La sentence ne fut pas rendue avant le 2 août 1546, le procès ayant duré près de deux années pendant lesquelles Dolet fut prisonnier à la Conciergerie. Les épîtres si nobles et si émues du Second Enfer ne lui avaient servi de rien. Le temps n’était plus où des poèmes de cette nature pouvaient toucher le cœur de François Ier, François n’était alors que l’ombre de lui-même, il souffrait physiquement de la terrible vengeance que lui avait infligée le mari de la belle Ferronière; son esprit était entièrement plongé dans la léthargie et la superstition, et il était devenu la créature soumise des prêtres et de leurs partisans, qui semblent n’avoir permis au malheureux roi que deux choses : jouir de la société de sa maîtresse, la duchesse d’Étampes, et de celle de son lecteur, Pierre Duchâtel. Il avait un grand attachement pour ces deux personnes, mais ni l’une ni l’autre n’osa aller à l’encontre du parti prêtre.

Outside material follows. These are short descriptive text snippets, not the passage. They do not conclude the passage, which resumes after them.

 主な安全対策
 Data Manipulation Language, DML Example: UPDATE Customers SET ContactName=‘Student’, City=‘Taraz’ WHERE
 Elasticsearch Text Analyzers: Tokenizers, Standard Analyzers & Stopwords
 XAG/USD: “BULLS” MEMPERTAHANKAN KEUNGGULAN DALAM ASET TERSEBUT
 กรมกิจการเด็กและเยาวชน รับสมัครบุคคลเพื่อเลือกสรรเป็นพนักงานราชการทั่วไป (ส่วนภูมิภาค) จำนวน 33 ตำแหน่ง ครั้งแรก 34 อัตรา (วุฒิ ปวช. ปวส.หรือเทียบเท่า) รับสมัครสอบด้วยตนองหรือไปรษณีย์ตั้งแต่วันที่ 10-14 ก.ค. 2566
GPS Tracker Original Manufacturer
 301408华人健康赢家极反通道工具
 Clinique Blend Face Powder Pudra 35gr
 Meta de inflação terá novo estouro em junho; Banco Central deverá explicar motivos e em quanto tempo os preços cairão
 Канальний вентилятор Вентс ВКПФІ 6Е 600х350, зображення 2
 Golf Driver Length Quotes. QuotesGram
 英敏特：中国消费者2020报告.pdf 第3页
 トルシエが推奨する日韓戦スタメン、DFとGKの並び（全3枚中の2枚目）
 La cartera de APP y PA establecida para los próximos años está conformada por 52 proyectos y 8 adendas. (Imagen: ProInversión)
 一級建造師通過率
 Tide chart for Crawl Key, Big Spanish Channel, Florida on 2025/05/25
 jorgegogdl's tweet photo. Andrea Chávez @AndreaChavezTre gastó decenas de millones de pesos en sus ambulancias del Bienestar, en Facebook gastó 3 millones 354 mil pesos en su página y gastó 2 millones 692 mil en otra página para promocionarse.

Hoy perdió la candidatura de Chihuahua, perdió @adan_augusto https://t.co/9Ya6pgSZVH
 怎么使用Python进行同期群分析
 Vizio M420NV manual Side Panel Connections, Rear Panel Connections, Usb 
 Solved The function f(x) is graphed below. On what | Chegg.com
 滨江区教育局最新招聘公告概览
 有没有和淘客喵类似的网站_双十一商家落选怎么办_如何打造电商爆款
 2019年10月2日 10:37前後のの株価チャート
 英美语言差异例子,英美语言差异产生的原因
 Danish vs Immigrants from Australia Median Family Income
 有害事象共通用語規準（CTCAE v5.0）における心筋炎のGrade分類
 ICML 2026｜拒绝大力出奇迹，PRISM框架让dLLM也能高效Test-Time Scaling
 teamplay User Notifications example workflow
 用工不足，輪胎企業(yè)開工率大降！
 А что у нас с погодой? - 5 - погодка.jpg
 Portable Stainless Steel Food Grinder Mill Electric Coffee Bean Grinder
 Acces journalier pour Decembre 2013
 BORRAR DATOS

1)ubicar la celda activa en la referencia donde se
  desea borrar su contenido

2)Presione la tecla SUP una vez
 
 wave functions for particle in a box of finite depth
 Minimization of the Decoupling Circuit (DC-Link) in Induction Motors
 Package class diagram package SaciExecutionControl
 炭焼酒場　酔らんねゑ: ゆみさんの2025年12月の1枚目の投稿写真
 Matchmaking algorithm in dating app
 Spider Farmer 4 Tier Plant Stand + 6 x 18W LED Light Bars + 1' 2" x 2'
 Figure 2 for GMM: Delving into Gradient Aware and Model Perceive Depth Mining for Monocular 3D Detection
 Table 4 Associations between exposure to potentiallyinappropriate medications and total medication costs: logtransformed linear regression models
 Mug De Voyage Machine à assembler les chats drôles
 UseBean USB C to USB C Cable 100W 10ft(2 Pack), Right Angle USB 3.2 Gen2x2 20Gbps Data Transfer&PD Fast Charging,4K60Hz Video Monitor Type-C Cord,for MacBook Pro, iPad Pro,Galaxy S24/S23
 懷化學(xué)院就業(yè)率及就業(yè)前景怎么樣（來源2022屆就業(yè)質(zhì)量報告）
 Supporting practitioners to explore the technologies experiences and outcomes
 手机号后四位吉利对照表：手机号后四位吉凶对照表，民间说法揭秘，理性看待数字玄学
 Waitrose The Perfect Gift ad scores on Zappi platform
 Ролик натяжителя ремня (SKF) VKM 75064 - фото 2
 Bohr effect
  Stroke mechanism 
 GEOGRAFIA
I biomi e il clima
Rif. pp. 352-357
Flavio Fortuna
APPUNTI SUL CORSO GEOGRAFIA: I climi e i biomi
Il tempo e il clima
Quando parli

Les années 1545 et 1546 sont deux des plus horribles de l’histoire de France, et deux des plus horribles de l’histoire de l’église catholique. Un décret fut rédigé par le cardinal de Tournon et Jean de Maynier, baron d’Oppède, premier président du parlement d’Aix, révoquant les lettres patentes du 15 juin 1544, par lesquelles toute mesure contre les Vaudois avait été suspendue, et ordonnant que, en dépit de toutes les lettres de grâce subséquentes, le décret du 18 novembre 1540 serait exécuté dans toute sa rigueur. Pour que ce décret fût régulier, il fallait qu’on eût la sanction du garde des sceaux avant de le présenter à la signature du roi, et ensuite qu’il fût revêtu du contre-seing dudit garde des sceaux. Olivier, alors garde des sceaux et ensuite chancelier, moins docile — ou moins endurci — que plus tard, répugnant aux massacres en masse que l’on méditait, refusa de sanctionner le décret ou de le présenter à la signature du roi. Le cardinal le fit présenter par L’Aubespine, secrétaire d’État, et on obtint ainsi la signature du roi. Le décret fut contresigné par L’Aubespine.